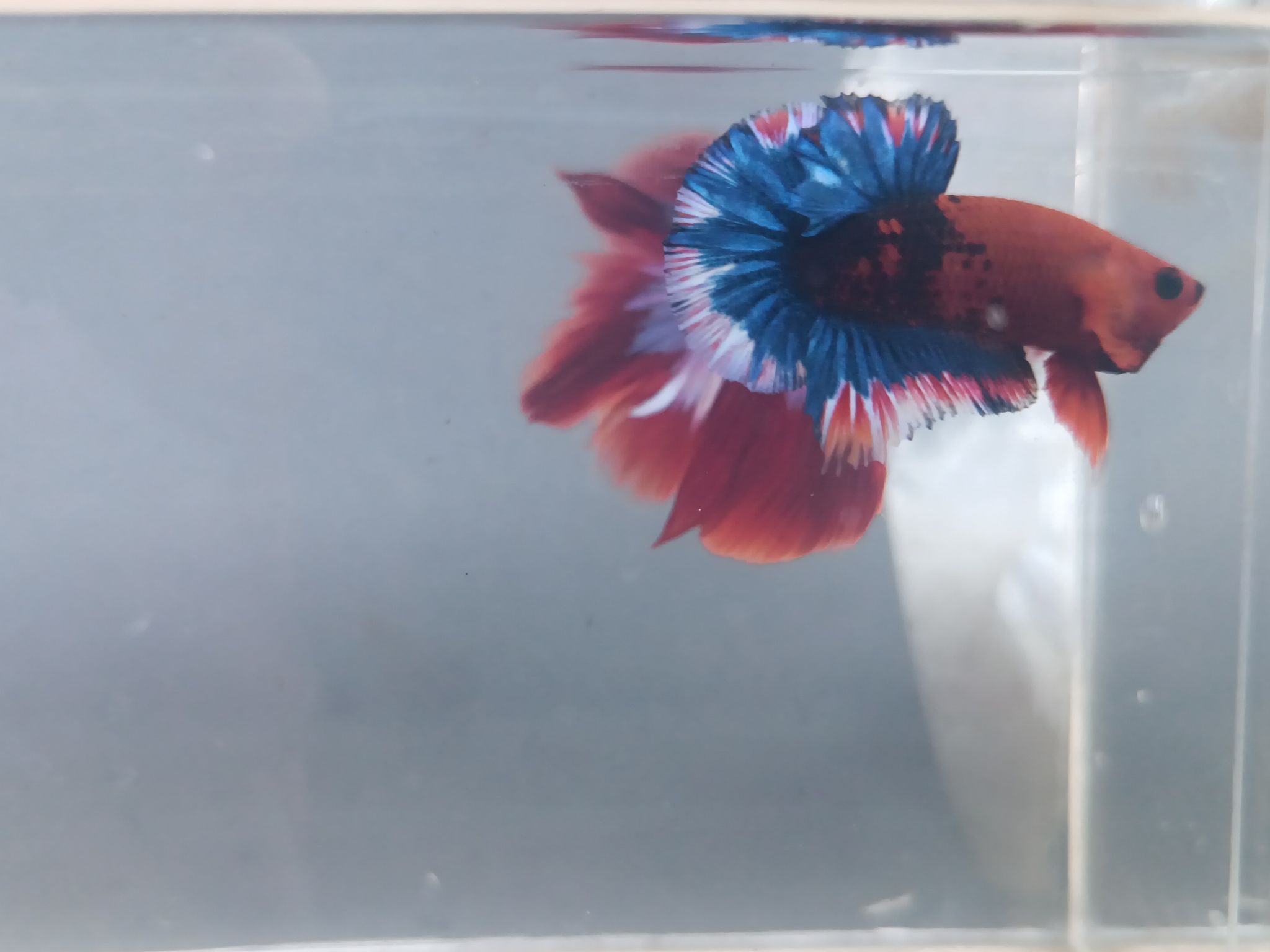 Hellboy star blue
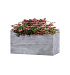 Кашпо CONCRETIKA BALCONY CONCRETE GREY LIGHT 40x20x20 заказать и купить с доставкой из магазина производителя Конкретика по цене 7 990 руб.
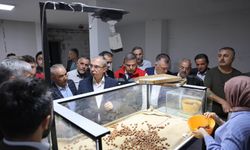 AK PARTİ SAMSUN MİLLETVEKİLİ ORHAN KIRCALI FINDIK ÜRETİCİLERİ İLE BİRARAYA GELDİ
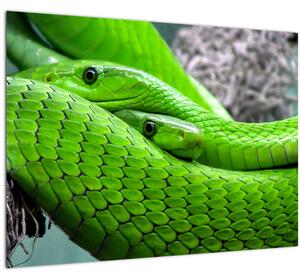 Obraz zelených hadů (70x50 cm)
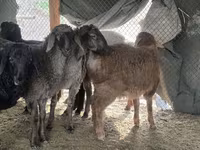 Carnero, Hissar sheep — foto 5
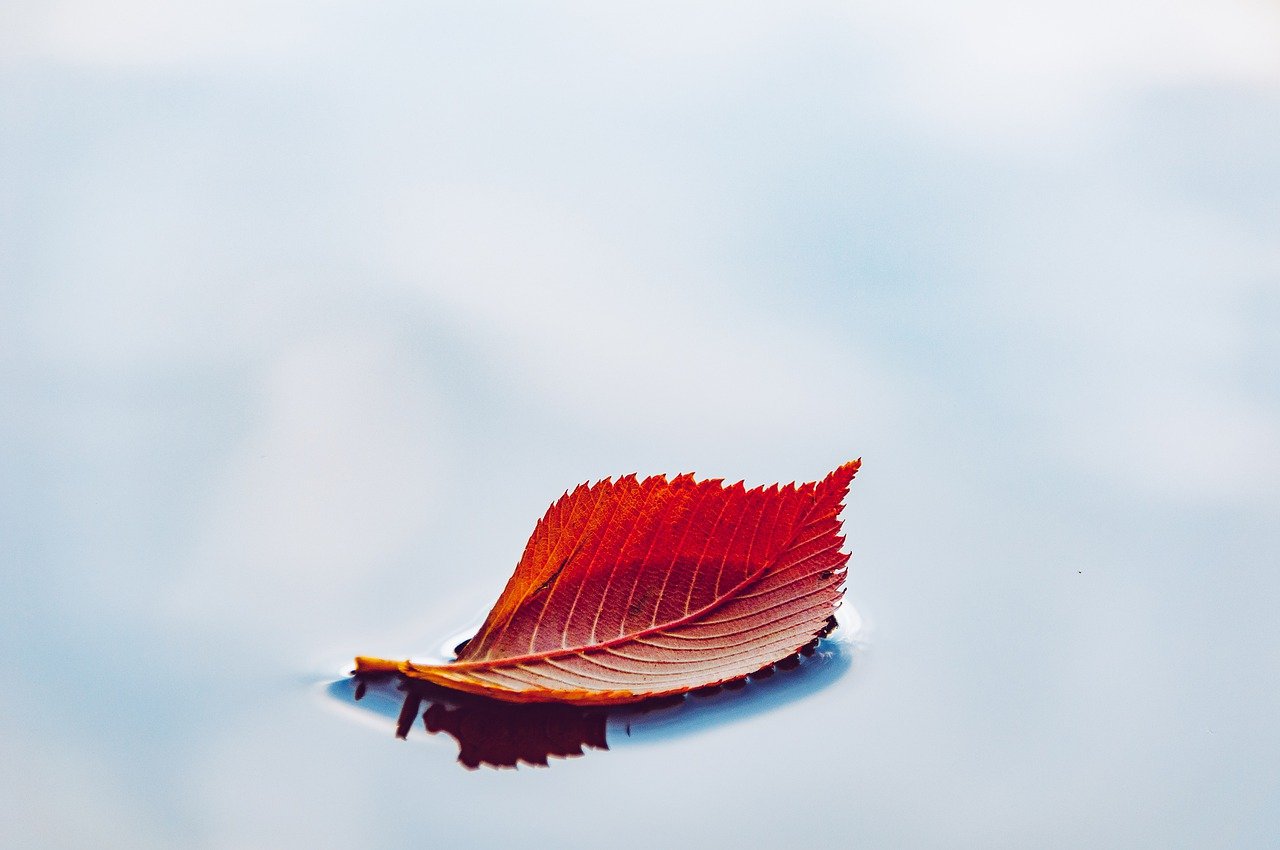 leaf, nature, autumn-6760484.jpg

----

Output the complete listing exactly. Pictures stay out.

_Answer to the problem_.
 Hellboy star blue
 Кашпо CONCRETIKA BALCONY CONCRETE GREY LIGHT 40x20x20 заказать и купить с доставкой из магазина производителя Конкретика по цене 7 990 руб.
 AK PARTİ SAMSUN MİLLETVEKİLİ ORHAN KIRCALI FINDIK ÜRETİCİLERİ İLE BİRARAYA GELDİ
 Obraz zelených hadů (70x50 cm)
 Carnero, Hissar sheep — foto 5
 leaf, nature, autumn-6760484.jpg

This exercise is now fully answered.